Usai ditahbiskan pada 1959, Romo Mangun belajar arsitektur setahun di ITB. Kemudian Mgr. soegijapranata menugaskan beliau untuk melanjutkan studi ke RWTH di Aachen, Jerman, pada 1960. Satu kampus dgn Habibie. Usianya msh sangat muda kala itu, 31 tahun dengan sebuah kegairahan laiknya mahasiswa pada umumnya meski beliau seorang pastor.
Di film ini, karakter yang digambarkan agak kurang tepat. Kala itu mangun
sangat klimis dgn wajah bersih, belum berkumis n berjenggot. Bahkan
ketika beliau kembali ke tanah air dan mengajar di UGM jg belum tumbuh
kumis dan jenggotnya. Hal lain, jubah putih yg dikenakan mangun di situ
sangat menganggu karena terkesan dia sdg menjadi pastor di kota itu.
Pdhl tidak, dia dtg bukan utk urusan teologi tp menjadi mhsiswa tekhnik.
Dimana mangun tinggal? Dia tidak tinggal di pastoran atau biara tp di sbuah kamar gudang berukuran 2x4 m sebagai upahnya sbg satpam di sekolah taman kanak2 di kota itu.

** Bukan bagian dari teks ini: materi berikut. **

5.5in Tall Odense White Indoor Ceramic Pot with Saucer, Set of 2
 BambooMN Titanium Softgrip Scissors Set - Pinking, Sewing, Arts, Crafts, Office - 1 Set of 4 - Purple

Jadi menurut sy, latar belakang ini yg harusnya menjadi dasar karakter beliau. Sangat tidak lazim seorg mhasiswa walau dia seorg pastor memakai jubah putih laiknya imam di indonesia. Andai pun ya, mgkn jubah hitam dgn sembulan putih di bawah leher. Itu pun dipakai utk situasi liturgi gereja.
Scene pertemuan habibie n mangun dlm katedral, sangat dramatis. Sy suka sekali. Terlihat bgmana sorg habibie memiliki pandangan keagamaan yg cerdas di usianya yg msh sangat muda. Dia sholat dlm gereja tp sy melihatnya dia tengah sujud di hatinya. Gereja hanyalah atap dan dinding yg menjaga esensi keheningan belaka. Pertemuan itu dicatat pula oleh mangun dlm bbrapa bukunya.
Mgkn yg lbh tepat, pertemuan itu adlh pertemuan 2 org sahabat, perjumpaan senasib karena di rantau org. Bukan pertemuan sorg rohaniawan katolik dgn pelajar beragama muslim. Setahu saya, mangun pun belum terlalu "suhu" di masa itu. Segala petuah dan bahasa sastra nya baru terbentuk di tahun 1970 an saat dia menjdi dosen di UGM sekaligus pastor paroki di gereja salam magelang. Itulah masa2 kelahirannya menjadi seorg penulis.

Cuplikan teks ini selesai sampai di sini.